§ REQUIRED ACTION: Every entry needs to be reproduced exactly.

(Web page caption snippets)
..........

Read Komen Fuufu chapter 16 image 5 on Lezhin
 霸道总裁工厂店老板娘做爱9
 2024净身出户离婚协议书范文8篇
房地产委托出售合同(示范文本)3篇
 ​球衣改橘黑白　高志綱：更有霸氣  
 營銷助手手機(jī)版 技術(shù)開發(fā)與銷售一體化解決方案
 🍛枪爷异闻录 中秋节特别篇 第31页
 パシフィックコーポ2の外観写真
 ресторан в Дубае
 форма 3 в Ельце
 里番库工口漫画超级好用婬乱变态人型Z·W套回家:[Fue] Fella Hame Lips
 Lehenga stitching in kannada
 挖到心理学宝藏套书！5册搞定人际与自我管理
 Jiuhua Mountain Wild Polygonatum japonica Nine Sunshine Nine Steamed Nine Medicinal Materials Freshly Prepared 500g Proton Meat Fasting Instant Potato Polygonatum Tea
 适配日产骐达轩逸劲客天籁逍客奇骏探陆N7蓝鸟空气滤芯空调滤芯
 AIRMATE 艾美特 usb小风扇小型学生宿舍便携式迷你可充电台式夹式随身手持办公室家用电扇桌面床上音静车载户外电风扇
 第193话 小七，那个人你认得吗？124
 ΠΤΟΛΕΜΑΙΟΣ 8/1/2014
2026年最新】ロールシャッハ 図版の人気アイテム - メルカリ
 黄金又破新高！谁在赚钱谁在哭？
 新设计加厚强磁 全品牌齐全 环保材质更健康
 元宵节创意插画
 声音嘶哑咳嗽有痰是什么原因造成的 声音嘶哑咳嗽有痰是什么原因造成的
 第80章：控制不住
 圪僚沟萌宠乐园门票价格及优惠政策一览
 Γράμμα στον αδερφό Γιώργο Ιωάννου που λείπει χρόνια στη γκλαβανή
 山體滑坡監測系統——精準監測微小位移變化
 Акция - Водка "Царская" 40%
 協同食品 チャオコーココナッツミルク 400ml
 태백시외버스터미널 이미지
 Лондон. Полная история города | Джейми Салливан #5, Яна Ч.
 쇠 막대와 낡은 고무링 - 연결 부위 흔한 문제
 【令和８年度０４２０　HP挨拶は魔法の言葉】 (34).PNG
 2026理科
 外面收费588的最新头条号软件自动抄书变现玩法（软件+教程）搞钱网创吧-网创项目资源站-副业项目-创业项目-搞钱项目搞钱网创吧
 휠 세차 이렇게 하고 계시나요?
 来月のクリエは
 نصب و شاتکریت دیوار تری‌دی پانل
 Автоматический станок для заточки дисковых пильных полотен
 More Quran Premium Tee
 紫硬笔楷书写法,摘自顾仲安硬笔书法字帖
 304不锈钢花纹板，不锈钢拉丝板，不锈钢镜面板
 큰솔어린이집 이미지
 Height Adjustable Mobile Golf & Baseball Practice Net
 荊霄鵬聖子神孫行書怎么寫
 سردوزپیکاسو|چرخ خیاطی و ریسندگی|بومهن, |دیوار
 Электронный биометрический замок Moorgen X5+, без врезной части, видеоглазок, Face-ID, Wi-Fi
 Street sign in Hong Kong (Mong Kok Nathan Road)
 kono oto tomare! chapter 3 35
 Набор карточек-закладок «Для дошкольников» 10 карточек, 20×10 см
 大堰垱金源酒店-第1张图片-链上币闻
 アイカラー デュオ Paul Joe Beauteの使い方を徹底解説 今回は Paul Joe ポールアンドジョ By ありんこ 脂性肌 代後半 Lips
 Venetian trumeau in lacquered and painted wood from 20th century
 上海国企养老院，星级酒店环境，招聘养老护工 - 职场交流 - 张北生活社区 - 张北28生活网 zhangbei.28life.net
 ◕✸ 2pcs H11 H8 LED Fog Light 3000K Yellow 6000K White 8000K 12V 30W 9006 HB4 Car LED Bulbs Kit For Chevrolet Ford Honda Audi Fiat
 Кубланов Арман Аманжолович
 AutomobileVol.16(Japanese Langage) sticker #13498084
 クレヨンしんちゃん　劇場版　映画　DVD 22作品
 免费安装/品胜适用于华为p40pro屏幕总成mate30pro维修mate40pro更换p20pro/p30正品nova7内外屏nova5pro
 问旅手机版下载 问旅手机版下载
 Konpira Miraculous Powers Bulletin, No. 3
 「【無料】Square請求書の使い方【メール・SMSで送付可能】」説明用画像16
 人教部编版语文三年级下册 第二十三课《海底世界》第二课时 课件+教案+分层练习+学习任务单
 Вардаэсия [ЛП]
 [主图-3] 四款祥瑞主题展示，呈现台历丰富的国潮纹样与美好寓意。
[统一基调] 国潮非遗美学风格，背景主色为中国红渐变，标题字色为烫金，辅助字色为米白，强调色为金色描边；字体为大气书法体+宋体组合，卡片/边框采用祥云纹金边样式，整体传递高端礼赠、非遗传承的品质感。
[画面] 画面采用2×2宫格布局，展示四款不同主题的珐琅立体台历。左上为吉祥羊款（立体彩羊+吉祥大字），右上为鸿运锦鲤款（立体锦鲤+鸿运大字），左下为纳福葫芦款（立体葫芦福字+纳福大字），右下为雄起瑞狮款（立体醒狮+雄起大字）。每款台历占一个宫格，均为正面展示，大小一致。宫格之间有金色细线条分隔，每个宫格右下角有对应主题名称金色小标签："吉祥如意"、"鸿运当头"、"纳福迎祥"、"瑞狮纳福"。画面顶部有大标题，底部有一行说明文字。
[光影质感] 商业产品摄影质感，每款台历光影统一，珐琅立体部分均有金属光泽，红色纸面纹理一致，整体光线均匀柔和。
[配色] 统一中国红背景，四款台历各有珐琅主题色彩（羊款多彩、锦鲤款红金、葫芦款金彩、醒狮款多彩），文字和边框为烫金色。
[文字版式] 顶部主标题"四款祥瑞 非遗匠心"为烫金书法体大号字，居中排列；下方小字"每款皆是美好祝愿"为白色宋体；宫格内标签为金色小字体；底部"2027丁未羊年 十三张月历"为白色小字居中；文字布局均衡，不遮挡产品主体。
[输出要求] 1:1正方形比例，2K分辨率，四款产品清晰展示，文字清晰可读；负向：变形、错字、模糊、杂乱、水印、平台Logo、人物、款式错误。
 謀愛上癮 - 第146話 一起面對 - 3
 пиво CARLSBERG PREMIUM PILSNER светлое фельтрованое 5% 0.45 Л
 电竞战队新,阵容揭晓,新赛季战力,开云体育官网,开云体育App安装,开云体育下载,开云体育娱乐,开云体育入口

..........

§ RESPONSE TO THIS EXERCISE:
Read Komen Fuufu chapter 16 image 5 on Lezhin
 霸道总裁工厂店老板娘做爱9
 2024净身出户离婚协议书范文8篇
房地产委托出售合同(示范文本)3篇
 ​球衣改橘黑白　高志綱：更有霸氣  
 營銷助手手機(jī)版 技術(shù)開發(fā)與銷售一體化解決方案
 🍛枪爷异闻录 中秋节特别篇 第31页
 パシフィックコーポ2の外観写真
 ресторан в Дубае
 форма 3 в Ельце
 里番库工口漫画超级好用婬乱变态人型Z·W套回家:[Fue] Fella Hame Lips
 Lehenga stitching in kannada
 挖到心理学宝藏套书！5册搞定人际与自我管理
 Jiuhua Mountain Wild Polygonatum japonica Nine Sunshine Nine Steamed Nine Medicinal Materials Freshly Prepared 500g Proton Meat Fasting Instant Potato Polygonatum Tea
 适配日产骐达轩逸劲客天籁逍客奇骏探陆N7蓝鸟空气滤芯空调滤芯
 AIRMATE 艾美特 usb小风扇小型学生宿舍便携式迷你可充电台式夹式随身手持办公室家用电扇桌面床上音静车载户外电风扇
 第193话 小七，那个人你认得吗？124
 ΠΤΟΛΕΜΑΙΟΣ 8/1/2014
2026年最新】ロールシャッハ 図版の人気アイテム - メルカリ
 黄金又破新高！谁在赚钱谁在哭？
 新设计加厚强磁 全品牌齐全 环保材质更健康
 元宵节创意插画
 声音嘶哑咳嗽有痰是什么原因造成的 声音嘶哑咳嗽有痰是什么原因造成的
 第80章：控制不住
 圪僚沟萌宠乐园门票价格及优惠政策一览
 Γράμμα στον αδερφό Γιώργο Ιωάννου που λείπει χρόνια στη γκλαβανή
 山體滑坡監測系統——精準監測微小位移變化
 Акция - Водка "Царская" 40%
 協同食品 チャオコーココナッツミルク 400ml
 태백시외버스터미널 이미지
 Лондон. Полная история города | Джейми Салливан #5, Яна Ч.
 쇠 막대와 낡은 고무링 - 연결 부위 흔한 문제
 【令和８年度０４２０　HP挨拶は魔法の言葉】 (34).PNG
 2026理科
 外面收费588的最新头条号软件自动抄书变现玩法（软件+教程）搞钱网创吧-网创项目资源站-副业项目-创业项目-搞钱项目搞钱网创吧
 휠 세차 이렇게 하고 계시나요?
 来月のクリエは
 نصب و شاتکریت دیوار تری‌دی پانل
 Автоматический станок для заточки дисковых пильных полотен
 More Quran Premium Tee
 紫硬笔楷书写法,摘自顾仲安硬笔书法字帖
 304不锈钢花纹板，不锈钢拉丝板，不锈钢镜面板
 큰솔어린이집 이미지
 Height Adjustable Mobile Golf & Baseball Practice Net
 荊霄鵬聖子神孫行書怎么寫
 سردوزپیکاسو|چرخ خیاطی و ریسندگی|بومهن, |دیوار
 Электронный биометрический замок Moorgen X5+, без врезной части, видеоглазок, Face-ID, Wi-Fi
 Street sign in Hong Kong (Mong Kok Nathan Road)
 kono oto tomare! chapter 3 35
 Набор карточек-закладок «Для дошкольников» 10 карточек, 20×10 см
 大堰垱金源酒店-第1张图片-链上币闻
 アイカラー デュオ Paul Joe Beauteの使い方を徹底解説 今回は Paul Joe ポールアンドジョ By ありんこ 脂性肌 代後半 Lips
 Venetian trumeau in lacquered and painted wood from 20th century
 上海国企养老院，星级酒店环境，招聘养老护工 - 职场交流 - 张北生活社区 - 张北28生活网 zhangbei.28life.net
 ◕✸ 2pcs H11 H8 LED Fog Light 3000K Yellow 6000K White 8000K 12V 30W 9006 HB4 Car LED Bulbs Kit For Chevrolet Ford Honda Audi Fiat
 Кубланов Арман Аманжолович
 AutomobileVol.16(Japanese Langage) sticker #13498084
 クレヨンしんちゃん　劇場版　映画　DVD 22作品
 免费安装/品胜适用于华为p40pro屏幕总成mate30pro维修mate40pro更换p20pro/p30正品nova7内外屏nova5pro
 问旅手机版下载 问旅手机版下载
 Konpira Miraculous Powers Bulletin, No. 3
 「【無料】Square請求書の使い方【メール・SMSで送付可能】」説明用画像16
 人教部编版语文三年级下册 第二十三课《海底世界》第二课时 课件+教案+分层练习+学习任务单
 Вардаэсия [ЛП]
 [主图-3] 四款祥瑞主题展示，呈现台历丰富的国潮纹样与美好寓意。
[统一基调] 国潮非遗美学风格，背景主色为中国红渐变，标题字色为烫金，辅助字色为米白，强调色为金色描边；字体为大气书法体+宋体组合，卡片/边框采用祥云纹金边样式，整体传递高端礼赠、非遗传承的品质感。
[画面] 画面采用2×2宫格布局，展示四款不同主题的珐琅立体台历。左上为吉祥羊款（立体彩羊+吉祥大字），右上为鸿运锦鲤款（立体锦鲤+鸿运大字），左下为纳福葫芦款（立体葫芦福字+纳福大字），右下为雄起瑞狮款（立体醒狮+雄起大字）。每款台历占一个宫格，均为正面展示，大小一致。宫格之间有金色细线条分隔，每个宫格右下角有对应主题名称金色小标签："吉祥如意"、"鸿运当头"、"纳福迎祥"、"瑞狮纳福"。画面顶部有大标题，底部有一行说明文字。
[光影质感] 商业产品摄影质感，每款台历光影统一，珐琅立体部分均有金属光泽，红色纸面纹理一致，整体光线均匀柔和。
[配色] 统一中国红背景，四款台历各有珐琅主题色彩（羊款多彩、锦鲤款红金、葫芦款金彩、醒狮款多彩），文字和边框为烫金色。
[文字版式] 顶部主标题"四款祥瑞 非遗匠心"为烫金书法体大号字，居中排列；下方小字"每款皆是美好祝愿"为白色宋体；宫格内标签为金色小字体；底部"2027丁未羊年 十三张月历"为白色小字居中；文字布局均衡，不遮挡产品主体。
[输出要求] 1:1正方形比例，2K分辨率，四款产品清晰展示，文字清晰可读；负向：变形、错字、模糊、杂乱、水印、平台Logo、人物、款式错误。
 謀愛上癮 - 第146話 一起面對 - 3
 пиво CARLSBERG PREMIUM PILSNER светлое фельтрованое 5% 0.45 Л
 电竞战队新,阵容揭晓,新赛季战力,开云体育官网,开云体育App安装,开云体育下载,开云体育娱乐,开云体育入口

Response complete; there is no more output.